What happens when we want to do something? We first think about it.
Everything else between our thoughts and the action being done is about using the right tools, following the correct procedure, using the right machines, and using device peripherals such as mouse, keyboard, etc. to reach the final state we had in mind from the beginning. In the end, there is a lot of energy and time spent on things that are not directly related to what we specifically want to do. We could name that “background noise actions”.

In this article I will give some examples of how technology is being applied to simplify our lives – entirely removing some of these “background noise actions”. I also made a proof of concept to demonstrate this.

I think therefore I create an electric signal

Let’s take a concrete example. I want to make a presentation, send a message or change the camera position in a 3D environment. I will have a representation in my brain of what I want. In the case of a presentation, I am picturing my nice company logo at the bottom and the bold title with my favorite font. This visual representation (or just thought) comes from neurons and areas of the brain being activated, with electricity.

neurons.PNG
Extract from the TED video by Henry Markram
A thought creates specific electric signals / patterns emitted from my brain. In the end, the brain could be seen as a highly complex electric circuit, and knowing what we are thinking about is a matter of signal processing.

So, how can we detect a thought’s electric signal?

Luckily enough, a lot of our thoughts occur in the cortex, the peripheral area of the brain that is the closest to our skin, so the easiest to detect. For more accuracy some technology is using chips implanted directly into the brain to have a better signal, but this article focuses on what could be used by the masses in the near and more distant future, and I don’t think people would want or accept a chip in their brain, which also raises health, security and ethical issues.
Today there are a variety of existing devices to read brainwaves or emotions. They range from science-lab looking hardware to fancy headbands. Below are a few examples:


 

What is the current state of the brainwaves-reader technology?

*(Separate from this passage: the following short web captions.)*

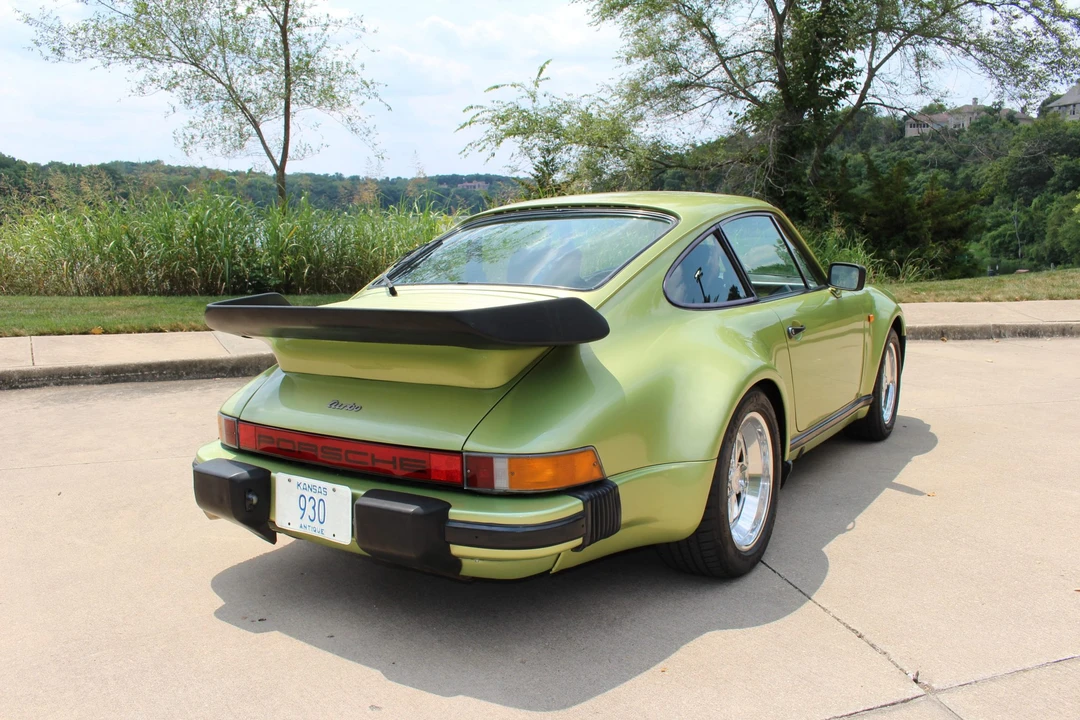1978 Porsche 930 Turbo - Image 21 of 31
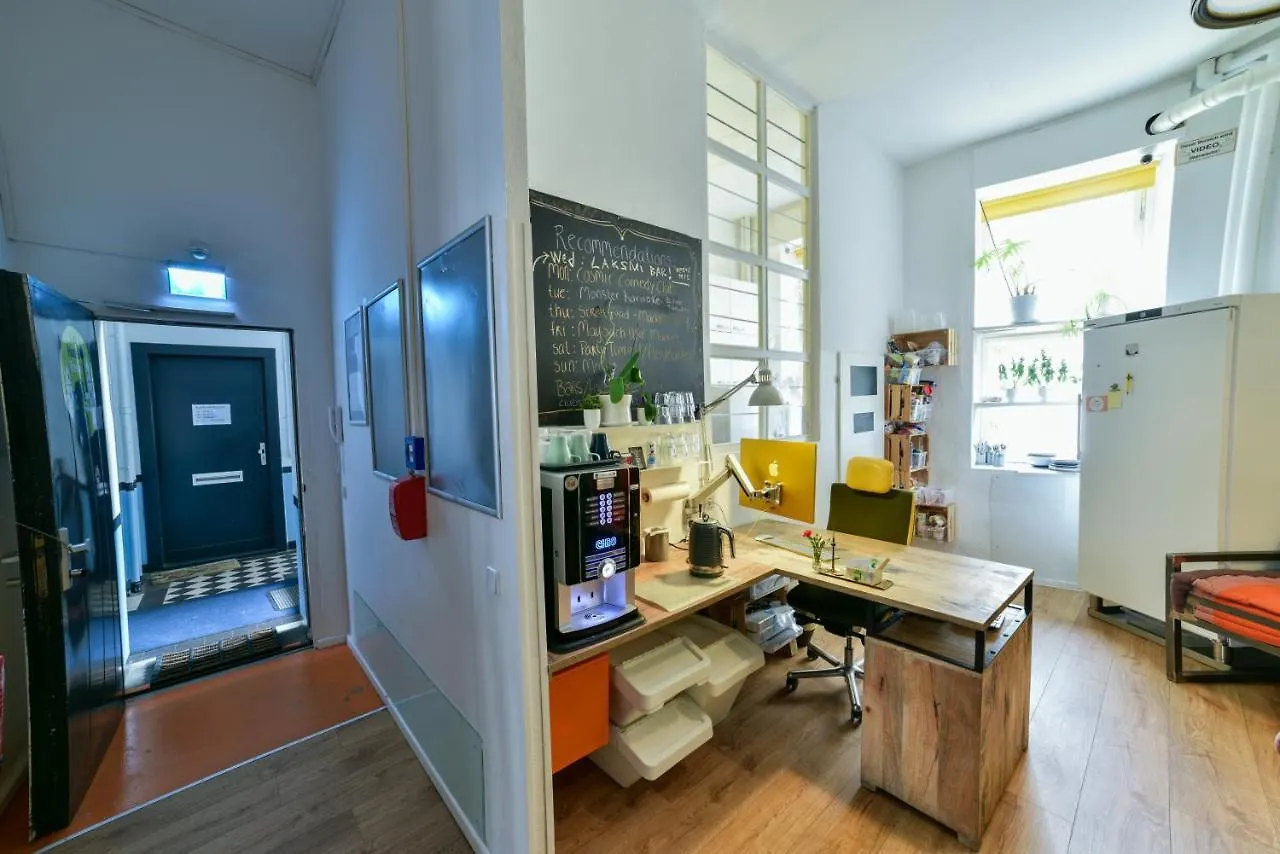 Kiez Hostel Berlin 0*,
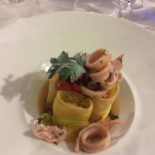 La Polveriera Comida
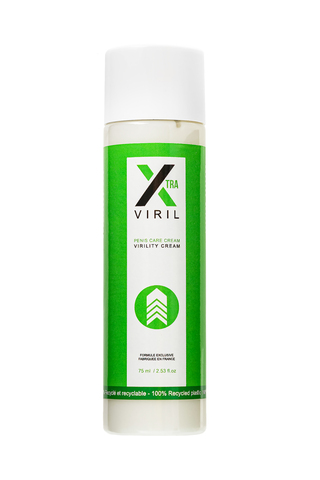 Крем для мужчин RUF XTRA VIRIL, 75 мл.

Depending on the devices, the accuracy and the type of things you can detect vary.
The most affordable ones focus on emotions (fear, happiness), state of mind (focused, relaxed) and other simple things, for example when you blink your eyes.

Other ones, such as the Emotiv EPOC, can detect a set of specific thoughts that you have to tune beforehand. Indeed if a person “A” thinks of the action “Zoom In” or “Rotate Left” for example, he would very likely to have a different representation than person “B” for the same thing. So there is a tuning process: you select what you will think of, and while you are doing so the system learns about your specific representation. The next time you think about the same action, the software and the signal processing technology will be able to detect that you are thinking about the same action.

The emotions-based technologies and many other technologies do not require tuning, but rather a training to get better results.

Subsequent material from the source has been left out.